**Work to be completed**
Write out the entries verbatim and leave the images out of the copy.

Image-caption web data
*** Begin section ***

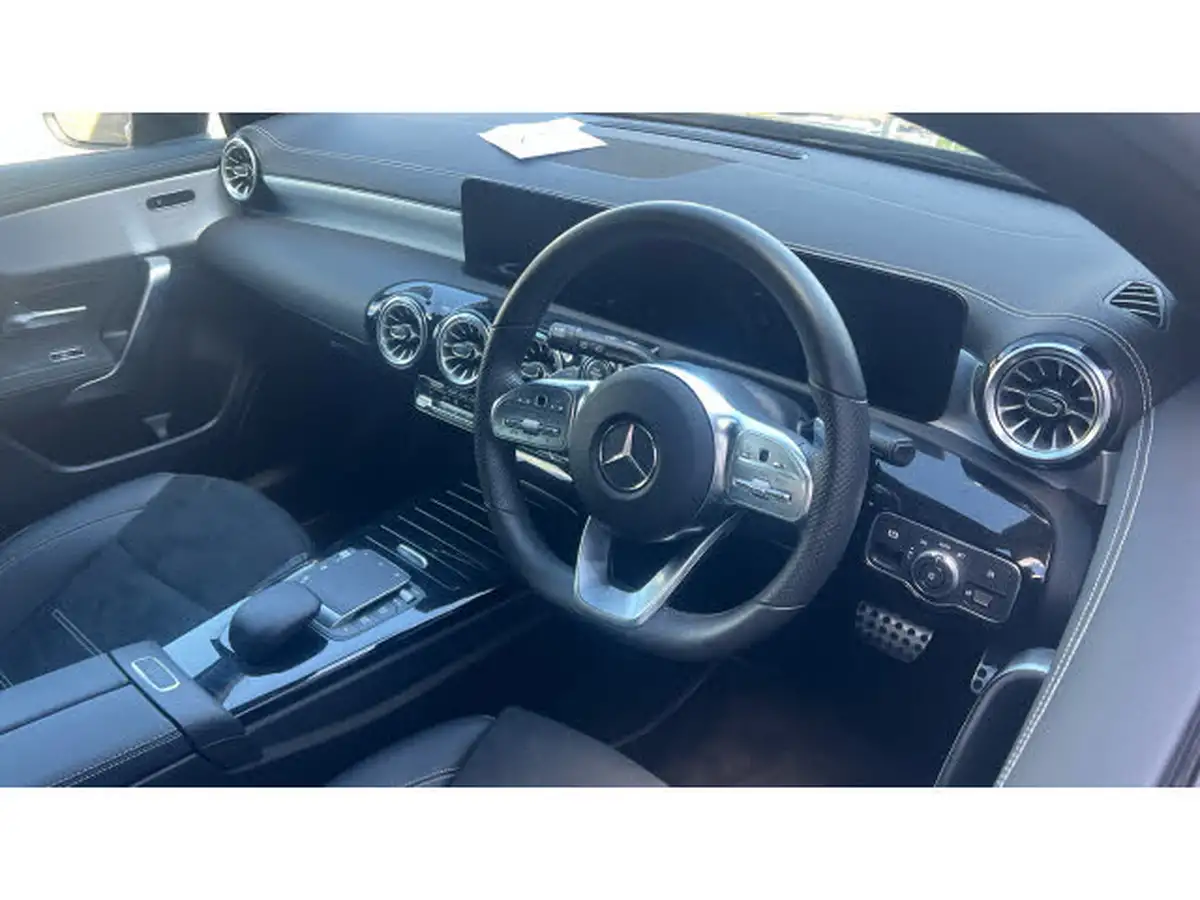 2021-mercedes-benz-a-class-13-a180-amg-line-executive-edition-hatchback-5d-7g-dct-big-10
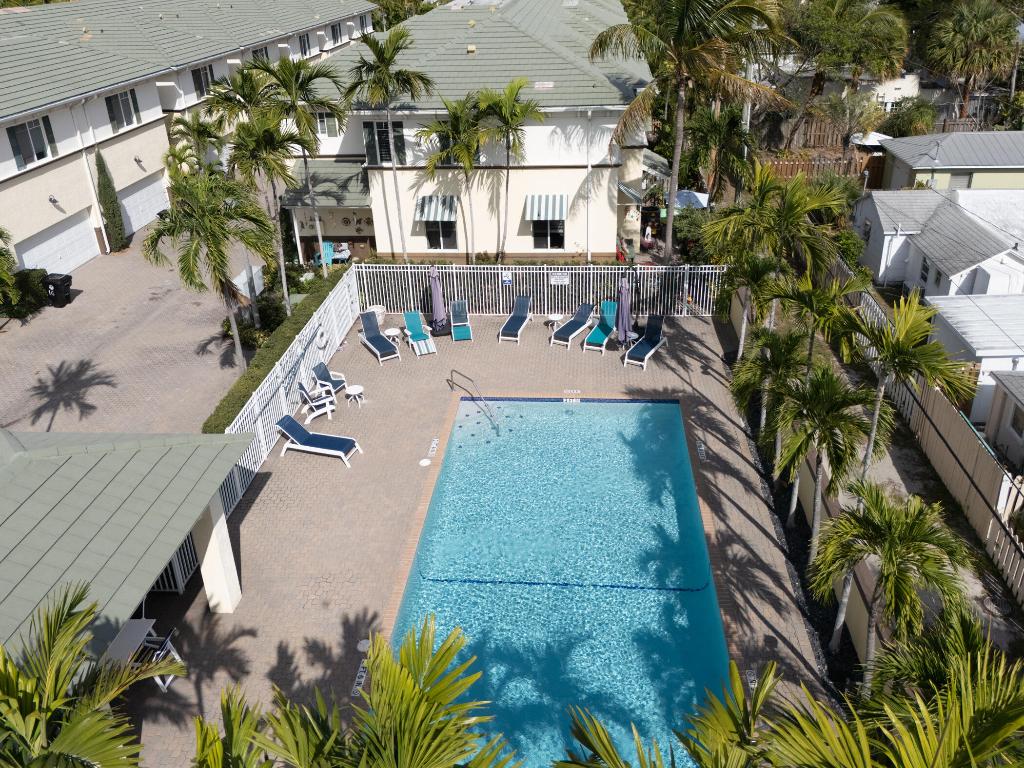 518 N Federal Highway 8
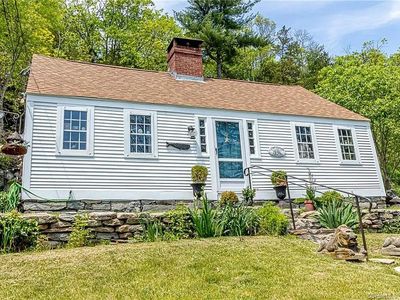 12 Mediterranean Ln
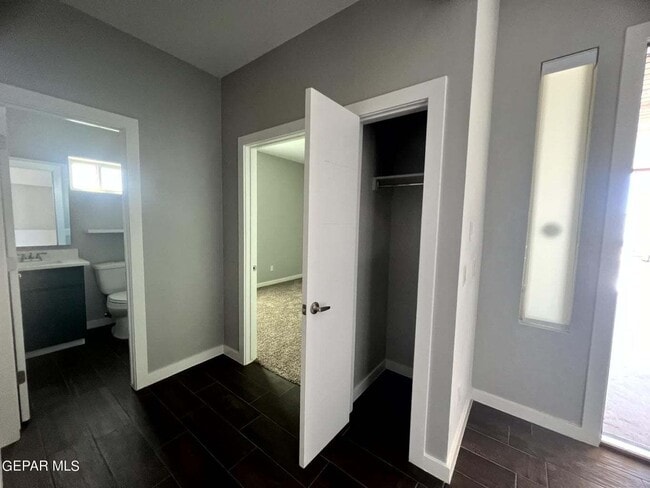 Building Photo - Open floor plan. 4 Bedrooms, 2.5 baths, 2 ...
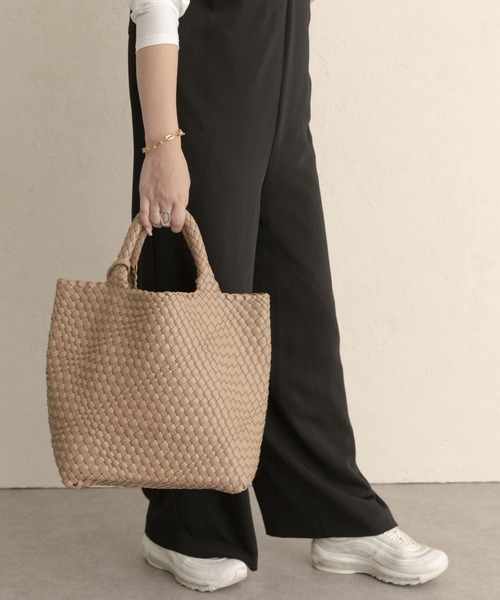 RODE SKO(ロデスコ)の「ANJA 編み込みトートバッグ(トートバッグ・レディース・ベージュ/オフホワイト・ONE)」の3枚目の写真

*** End section ***

**Task output**
 2021-mercedes-benz-a-class-13-a180-amg-line-executive-edition-hatchback-5d-7g-dct-big-10
 518 N Federal Highway 8
 12 Mediterranean Ln
 Building Photo - Open floor plan. 4 Bedrooms, 2.5 baths, 2 ...
 RODE SKO(ロデスコ)の「ANJA 編み込みトートバッグ(トートバッグ・レディース・ベージュ/オフホワイト・ONE)」の3枚目の写真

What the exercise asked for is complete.